Edy mengatakan, Imigrasi Bekasi akan melayangkan surat teguran kepada apartemen yang berangkutan. Ia mengatakan, sejumlah apartemen di Lippo Cikarang memang menjadi target operasi karena di sanalah banyak WNA tinggal.
“Kami ini bertugas dilindungi oleh undang-undang, kalau dihalangi berarti sudah melawan hukum, bisa pidana jatuhnya,” tandasnya.
Diberitakan sebelumnya, dalam operasi itu, petugas imigrasi melakukan pencocokan seluruh surat izin mulai dari paspor, KITAS, Visa dan identitas lainnya.
“Dari pemeriksaan, ada 30 WNA yang diduga melanggar izin. WNA tersebut tinggal di sejumlah tempat di Kabupaten Bekasi,” kata Edy.
“Apabila nantinya terbukti menyalahi aturan, selanjutnya akan kita lakukan deportasi ke negara asal,” katanya.

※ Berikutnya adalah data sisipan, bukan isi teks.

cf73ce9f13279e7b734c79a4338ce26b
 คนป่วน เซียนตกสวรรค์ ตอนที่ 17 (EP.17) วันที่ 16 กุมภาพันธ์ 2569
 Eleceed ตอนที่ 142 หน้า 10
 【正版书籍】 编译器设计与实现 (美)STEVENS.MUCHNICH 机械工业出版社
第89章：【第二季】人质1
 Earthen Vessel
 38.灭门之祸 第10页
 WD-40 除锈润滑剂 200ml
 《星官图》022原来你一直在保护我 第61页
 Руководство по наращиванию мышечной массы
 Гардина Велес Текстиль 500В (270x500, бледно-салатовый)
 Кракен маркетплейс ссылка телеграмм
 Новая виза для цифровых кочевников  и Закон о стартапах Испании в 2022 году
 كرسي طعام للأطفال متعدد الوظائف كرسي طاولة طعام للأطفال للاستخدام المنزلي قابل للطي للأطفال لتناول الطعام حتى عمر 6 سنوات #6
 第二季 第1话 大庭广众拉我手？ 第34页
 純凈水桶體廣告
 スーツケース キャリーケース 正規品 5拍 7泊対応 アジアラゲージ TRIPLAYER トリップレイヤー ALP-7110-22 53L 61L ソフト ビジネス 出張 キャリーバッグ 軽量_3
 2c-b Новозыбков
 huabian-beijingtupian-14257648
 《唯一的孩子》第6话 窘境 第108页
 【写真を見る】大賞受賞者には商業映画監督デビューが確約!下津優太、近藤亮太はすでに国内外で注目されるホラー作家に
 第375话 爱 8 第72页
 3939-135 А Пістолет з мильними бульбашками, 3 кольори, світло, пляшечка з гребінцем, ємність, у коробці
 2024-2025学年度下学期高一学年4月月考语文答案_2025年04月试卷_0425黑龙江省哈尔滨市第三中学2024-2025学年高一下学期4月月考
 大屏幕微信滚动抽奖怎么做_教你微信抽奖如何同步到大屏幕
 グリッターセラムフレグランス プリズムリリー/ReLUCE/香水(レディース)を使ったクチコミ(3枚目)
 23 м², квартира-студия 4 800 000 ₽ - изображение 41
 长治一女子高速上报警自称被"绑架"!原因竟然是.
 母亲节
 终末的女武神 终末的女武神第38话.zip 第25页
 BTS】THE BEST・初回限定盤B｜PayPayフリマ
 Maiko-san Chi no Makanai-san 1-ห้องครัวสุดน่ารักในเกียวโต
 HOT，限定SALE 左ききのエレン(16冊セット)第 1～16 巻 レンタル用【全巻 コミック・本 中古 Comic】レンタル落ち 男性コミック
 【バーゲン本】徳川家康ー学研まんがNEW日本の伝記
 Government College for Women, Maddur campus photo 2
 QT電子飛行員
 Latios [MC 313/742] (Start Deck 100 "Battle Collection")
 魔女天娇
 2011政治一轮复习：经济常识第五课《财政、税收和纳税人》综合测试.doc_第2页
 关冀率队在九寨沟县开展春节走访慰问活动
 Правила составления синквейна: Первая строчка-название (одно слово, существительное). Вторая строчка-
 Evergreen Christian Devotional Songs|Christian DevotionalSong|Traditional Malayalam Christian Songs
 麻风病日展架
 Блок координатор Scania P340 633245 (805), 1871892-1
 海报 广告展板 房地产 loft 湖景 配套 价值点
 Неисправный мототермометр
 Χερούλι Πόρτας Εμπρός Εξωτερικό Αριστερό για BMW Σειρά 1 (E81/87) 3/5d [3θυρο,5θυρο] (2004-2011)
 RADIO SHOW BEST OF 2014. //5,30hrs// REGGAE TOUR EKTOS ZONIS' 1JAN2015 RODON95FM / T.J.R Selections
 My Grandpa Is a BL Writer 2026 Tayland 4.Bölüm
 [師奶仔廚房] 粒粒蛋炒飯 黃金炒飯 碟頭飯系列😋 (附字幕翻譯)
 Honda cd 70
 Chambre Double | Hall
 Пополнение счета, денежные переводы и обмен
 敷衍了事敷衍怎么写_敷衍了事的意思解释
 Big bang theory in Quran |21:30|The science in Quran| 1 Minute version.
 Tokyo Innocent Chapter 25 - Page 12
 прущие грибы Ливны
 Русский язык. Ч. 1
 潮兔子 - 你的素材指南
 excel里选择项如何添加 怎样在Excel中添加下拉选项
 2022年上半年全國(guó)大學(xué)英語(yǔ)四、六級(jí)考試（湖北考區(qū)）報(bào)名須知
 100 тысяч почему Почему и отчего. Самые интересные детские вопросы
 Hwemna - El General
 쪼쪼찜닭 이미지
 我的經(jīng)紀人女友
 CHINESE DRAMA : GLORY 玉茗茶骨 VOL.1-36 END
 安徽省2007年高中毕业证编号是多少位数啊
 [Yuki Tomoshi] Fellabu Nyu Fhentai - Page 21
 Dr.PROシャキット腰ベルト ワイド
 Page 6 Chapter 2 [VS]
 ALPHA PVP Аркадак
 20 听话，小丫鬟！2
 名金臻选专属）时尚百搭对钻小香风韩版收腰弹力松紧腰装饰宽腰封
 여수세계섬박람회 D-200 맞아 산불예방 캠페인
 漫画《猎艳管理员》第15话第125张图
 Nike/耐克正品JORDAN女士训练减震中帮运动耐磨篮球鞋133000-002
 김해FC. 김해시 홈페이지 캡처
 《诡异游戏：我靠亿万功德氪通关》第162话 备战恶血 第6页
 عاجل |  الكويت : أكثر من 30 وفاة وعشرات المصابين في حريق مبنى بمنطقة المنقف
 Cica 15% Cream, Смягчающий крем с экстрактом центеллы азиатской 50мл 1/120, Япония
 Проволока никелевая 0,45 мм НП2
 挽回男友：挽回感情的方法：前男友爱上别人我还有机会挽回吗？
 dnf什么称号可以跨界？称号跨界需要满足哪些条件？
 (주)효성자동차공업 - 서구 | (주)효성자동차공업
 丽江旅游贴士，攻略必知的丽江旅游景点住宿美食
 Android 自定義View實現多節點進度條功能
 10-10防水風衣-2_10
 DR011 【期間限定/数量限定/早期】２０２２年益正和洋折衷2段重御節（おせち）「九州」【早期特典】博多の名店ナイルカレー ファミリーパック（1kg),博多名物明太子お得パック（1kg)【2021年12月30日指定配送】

Dikatakan Edy, WNA tersebut berasal dari berbagai negara di Asia, salah satunya adalah Jepang. Mereka bekerja di kawasan industri di Kabupaten Bekasi.
“Pelanggarannya mayoritas menyalahi keterangan izin tinggal sementara (KITAS),” katanya.
Sesuai Pasal 122 huruf (a) pasal 75 UU Nomor 6 Tahun 2011 tentang Keimigrasian, kata dia, dapat dijatuhkan sanksi berupa deportasi ke negara asalnya.
“Selain itu ada pula ancaman 5 tahun penjara atau maksimal denda Rp500 juta apabila benar terbukti bersalah,” katanya.